- _EXTRACTED INFORMATION_

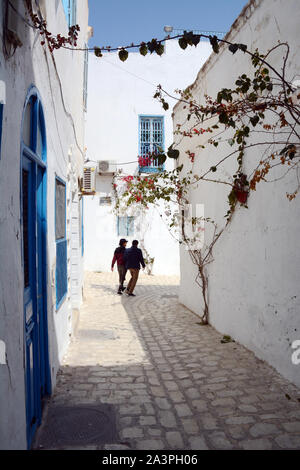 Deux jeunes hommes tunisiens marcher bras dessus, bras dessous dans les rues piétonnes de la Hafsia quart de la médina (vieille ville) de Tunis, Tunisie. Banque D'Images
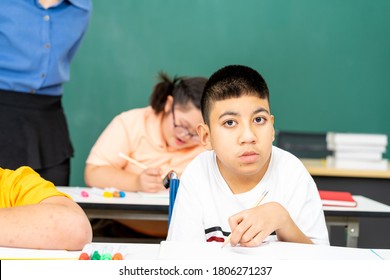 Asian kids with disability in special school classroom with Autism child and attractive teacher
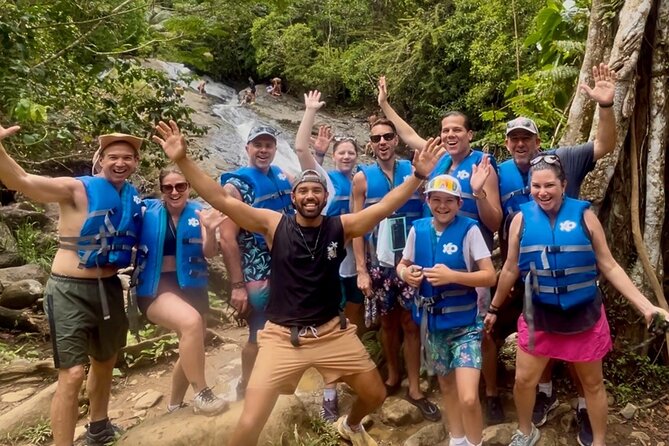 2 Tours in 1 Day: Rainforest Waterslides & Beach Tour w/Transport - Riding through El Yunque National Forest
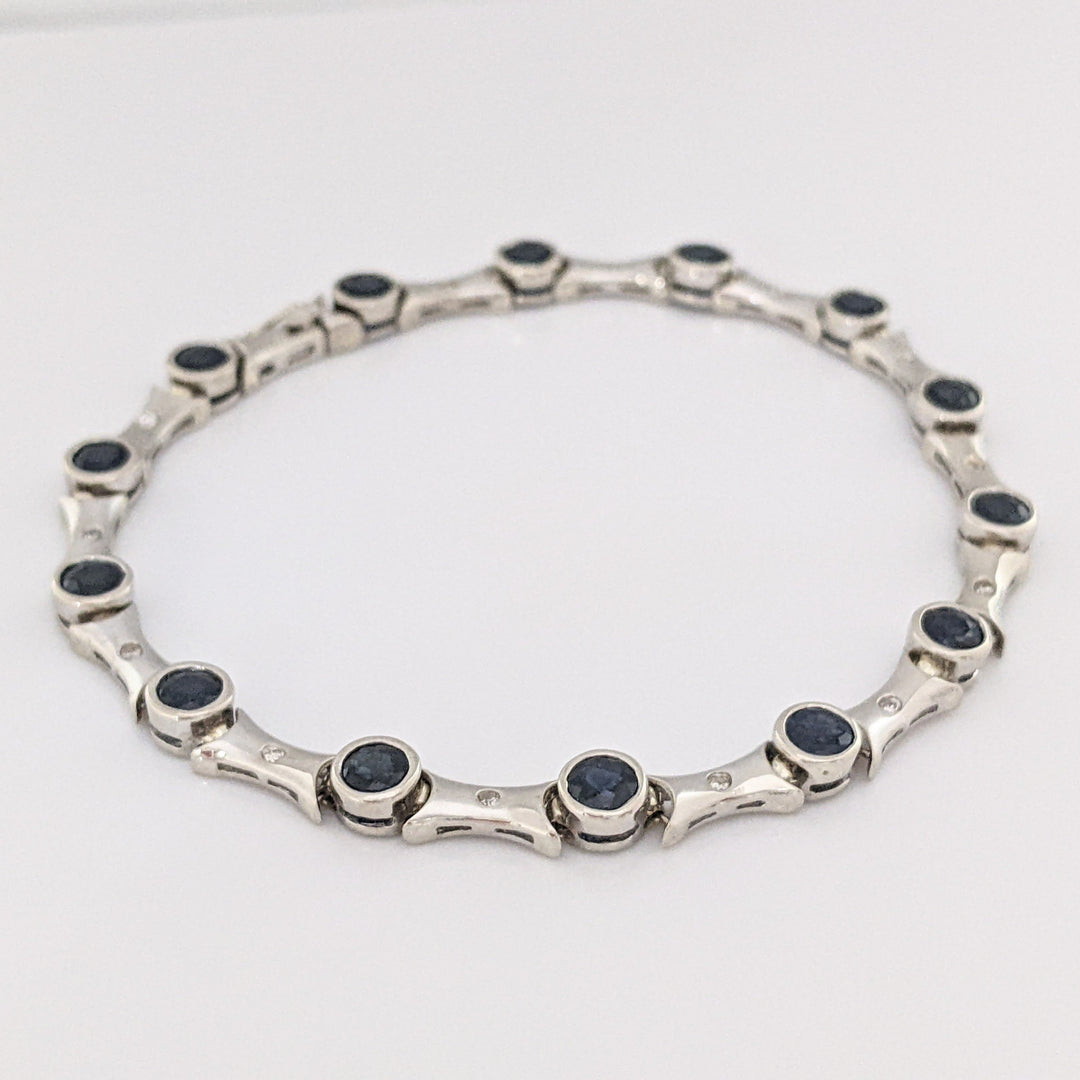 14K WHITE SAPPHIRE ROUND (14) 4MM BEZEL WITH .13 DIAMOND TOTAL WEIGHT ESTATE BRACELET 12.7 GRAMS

...

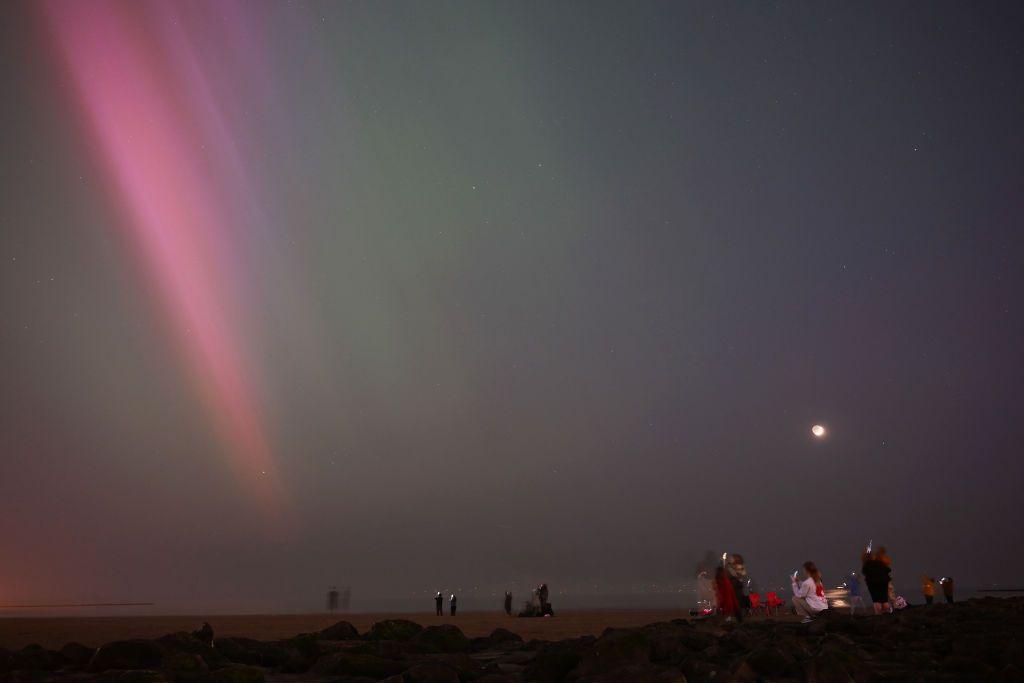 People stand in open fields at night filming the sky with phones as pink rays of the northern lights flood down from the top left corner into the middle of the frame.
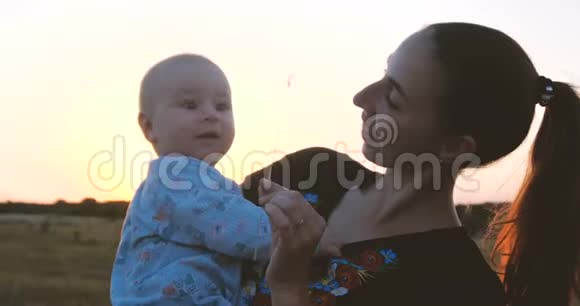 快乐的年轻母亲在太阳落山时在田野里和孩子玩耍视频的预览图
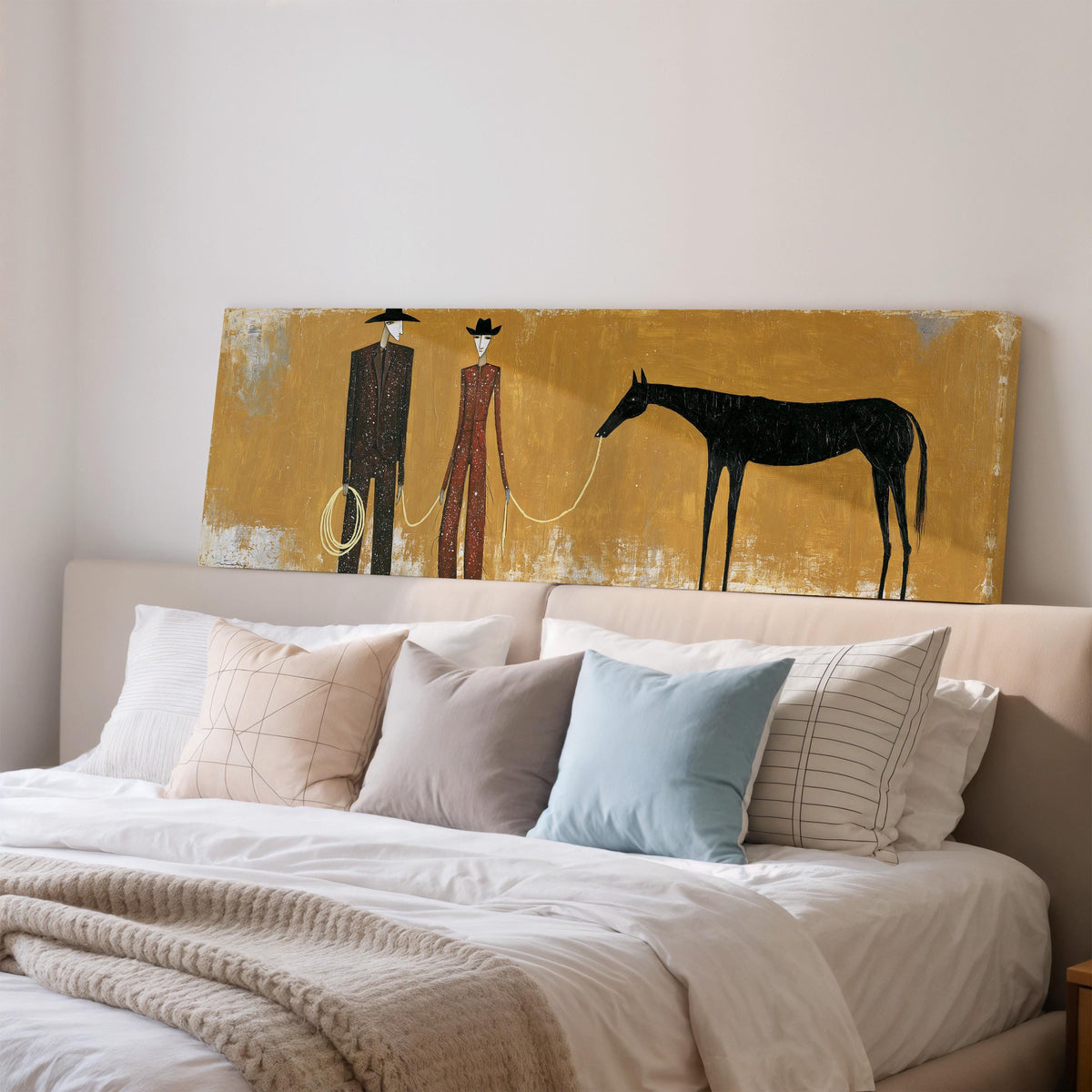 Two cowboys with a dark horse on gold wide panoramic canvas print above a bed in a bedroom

- _WHAT IS EXPECTED_
Within the listing above, the lines starting at the one containing "快乐的年轻母亲在太阳落山时在田野里和孩子玩耍视频的预览图" and ending at the one containing "Two cowboys with" are to be returned exactly. Omit the pictures.

- _ANSWER SPACE_
 快乐的年轻母亲在太阳落山时在田野里和孩子玩耍视频的预览图
 Two cowboys with a dark horse on gold wide panoramic canvas print above a bed in a bedroom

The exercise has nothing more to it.